With its pebble beaches and iconic Promenade des Anglais boardwalk, the Riviera city of Nice is best-known as a holiday destination favored by tourists and well-heeled French retirees.

But the city is carving out another niche under the leadership of right-wing mayor Christian Estrosi — as a testing ground for high-tech surveillance tools that are alarming digital rights activists, testing the boundaries of European privacy law and setting parents on edge.

The deployment of more than 2,600 CCTV cameras was just a first step. In February, Nice became the first French city to start trialing facial recognition tools in its streets thanks to cameras that scanned the faces of thousands of adults attending a carnival, matching their likenesses against a database of faces as part of a large-scale experiment.

Now, the regional authority that runs schools around Nice is waiting for an opinion from regulators for another first: deploying facial recognition at the entrances of two regional high schools, in an experiment that has led to howls of protest from parents, teachers’ unions and privacy activists.

As France’s CNIL privacy watchdog deliberates the question — the cameras are paused pending its opinion — Nice’s surveillance drive under Estrosi is feeding a broader debate about the growing use of facial recognition in public and its effect on civil liberties.

Championed by security hawks as a crime-fighting tool, the technology has nonetheless been banned in tech-savvy San Francisco, while earlier this month the California Senate outlawed the use of biometric tech for law enforcement amid fears of human rights violations and errors identifying women and minorities.
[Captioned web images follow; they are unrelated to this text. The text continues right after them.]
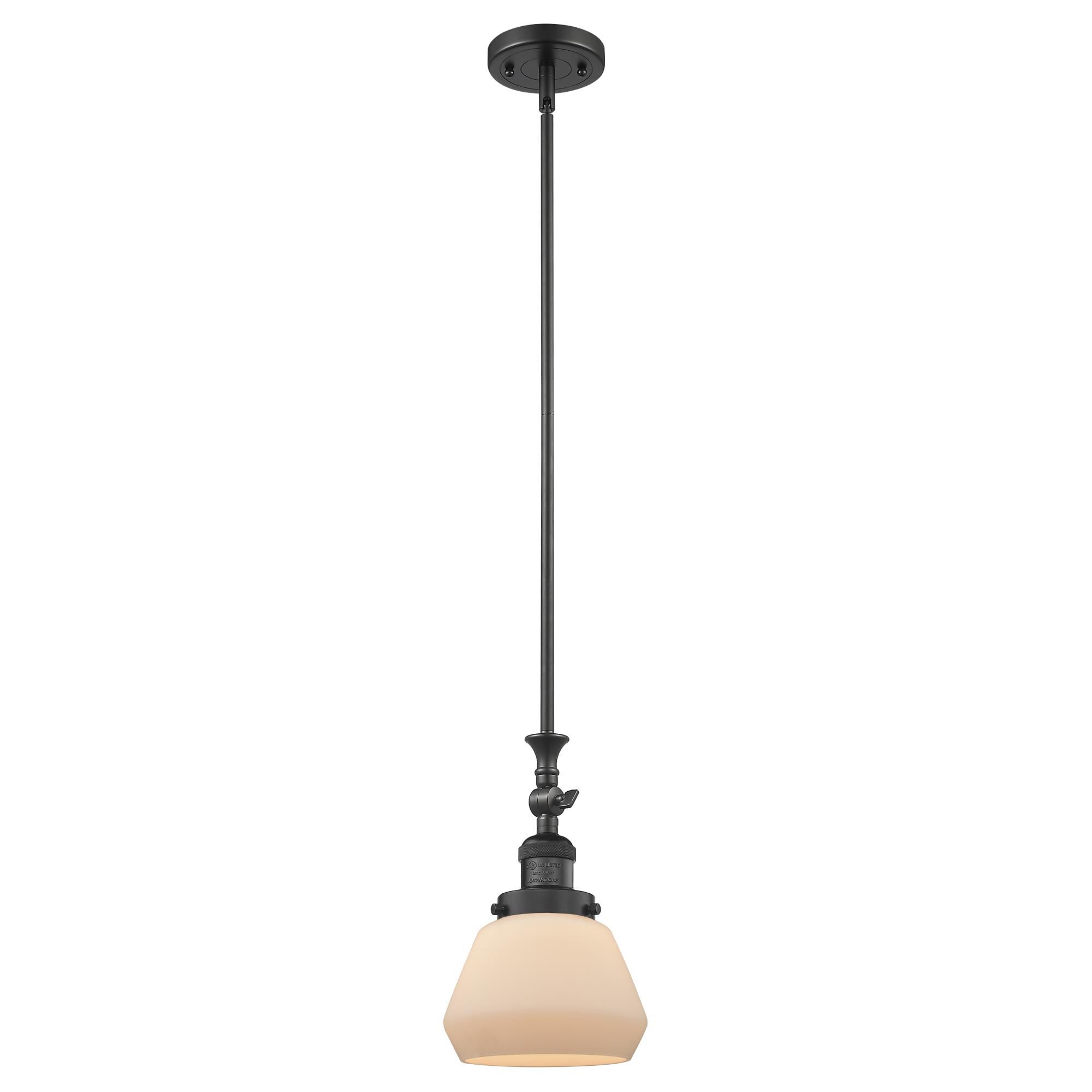 Innovations Lighting Bruno Marashlian Fulton 7 Inch Mini Pendant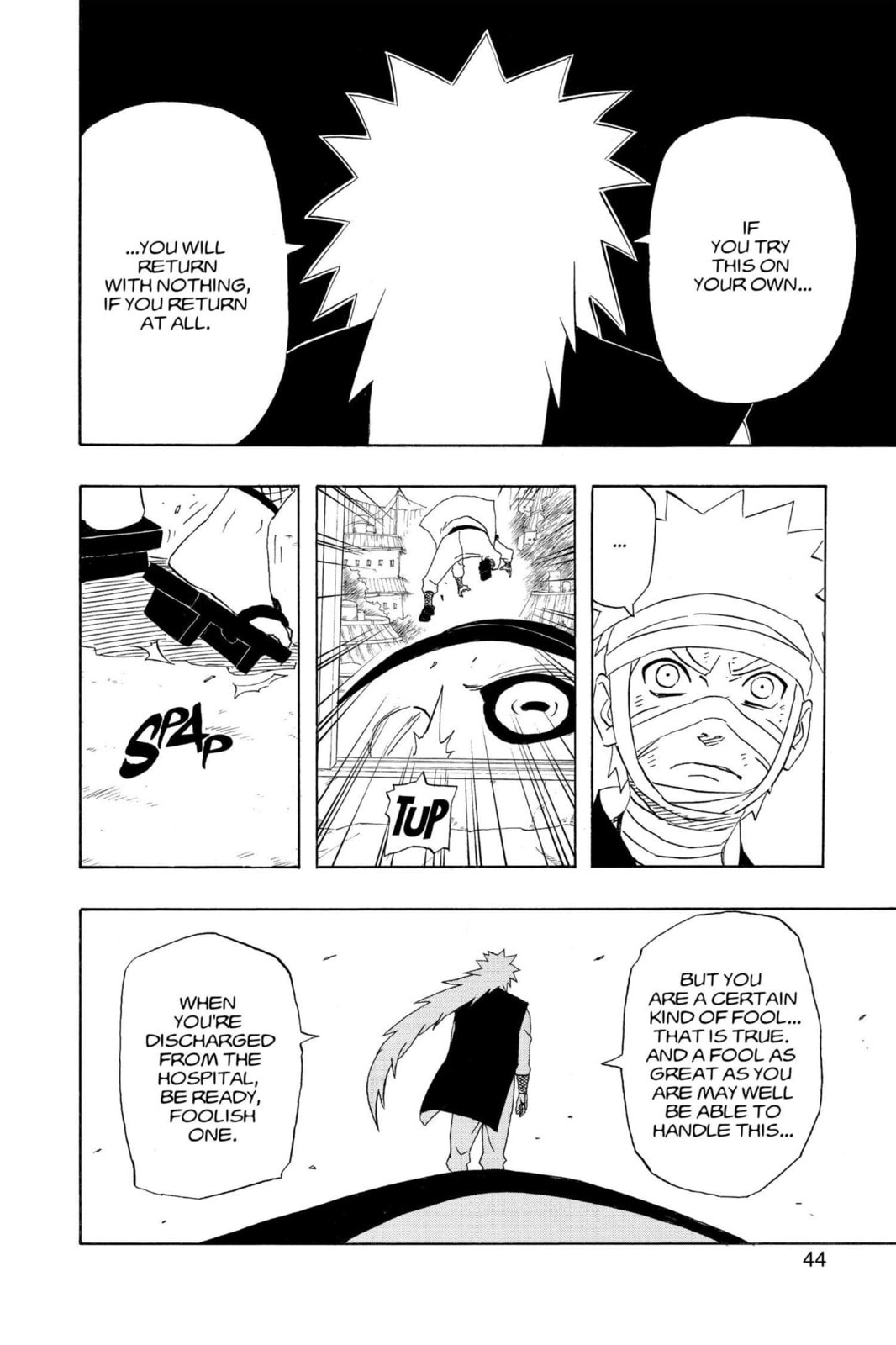 Naruto, chapter 237, image 18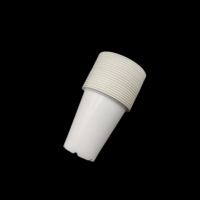 Sulide Logo personnalisé calibre 90mm pot de yaourts jetable recyclage 10 oz tasse en plastique pots d'emballage de yaourt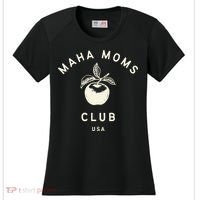 Maha Moms Club Organic Women's Cooling Performance Crew T-Shirt thumb 0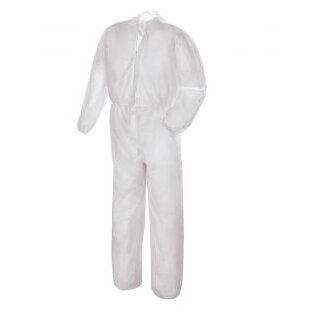 teXXor SMS-OVERALL, weiß, 55 g/M2, Cat.3, Typ: 5 u. 6 verschiedene Größen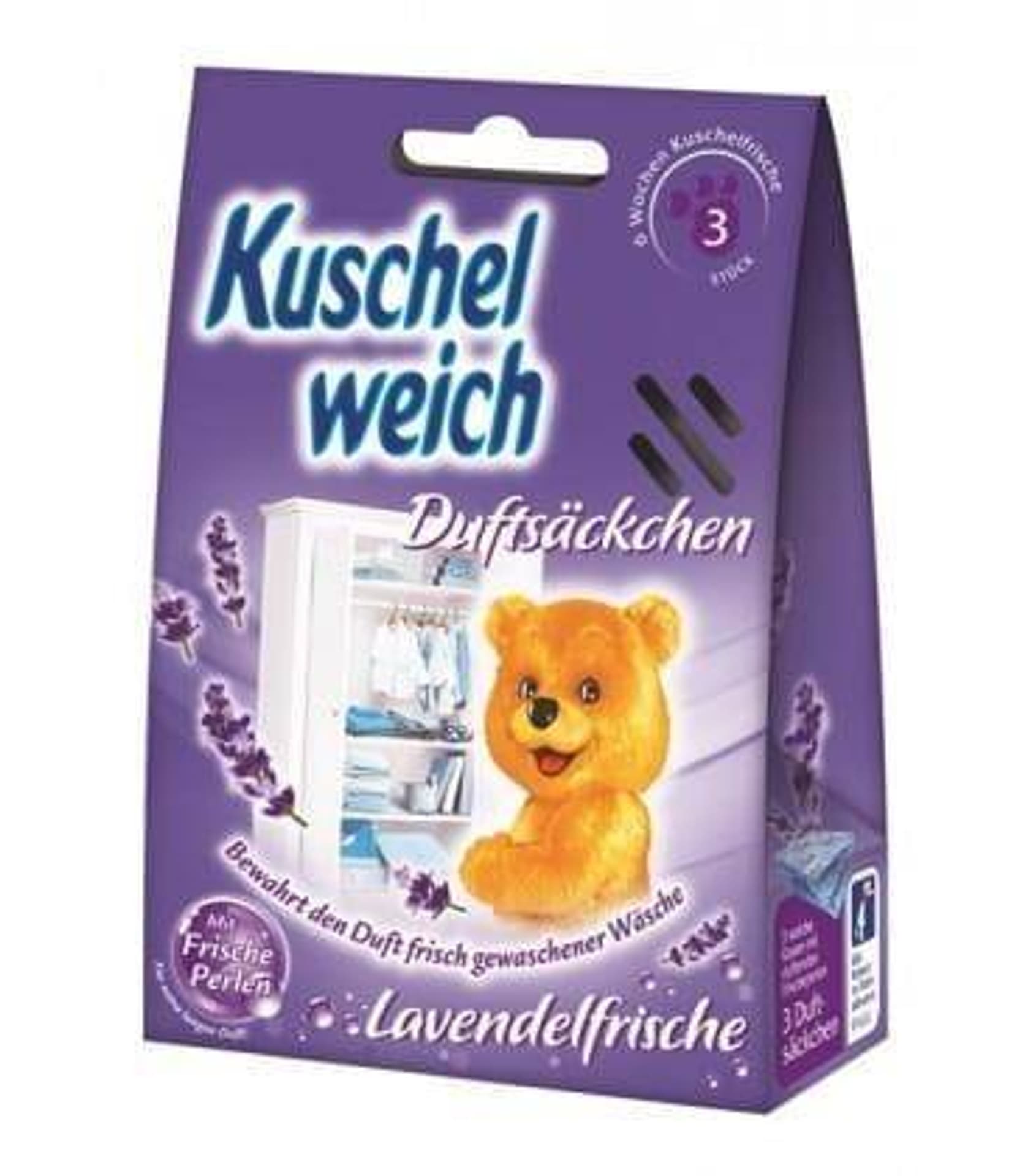 

KUSCHELWEICH Saszetki zapachowe 3szt. Lavendel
On the other extreme, China’s deployment of facial recognition tech is opening a window into a world of limitless surveillance. During pro-democracy protests in Hong Kong earlier this year, demonstrators sawed down towers equipped with face-scanning cameras to avoid detection by authorities. Meanwhile, Muslim Uighur minorities in the Chinese hinterland face such constant biometric surveillance that the New York Times has dubbed their region a “technological prison.”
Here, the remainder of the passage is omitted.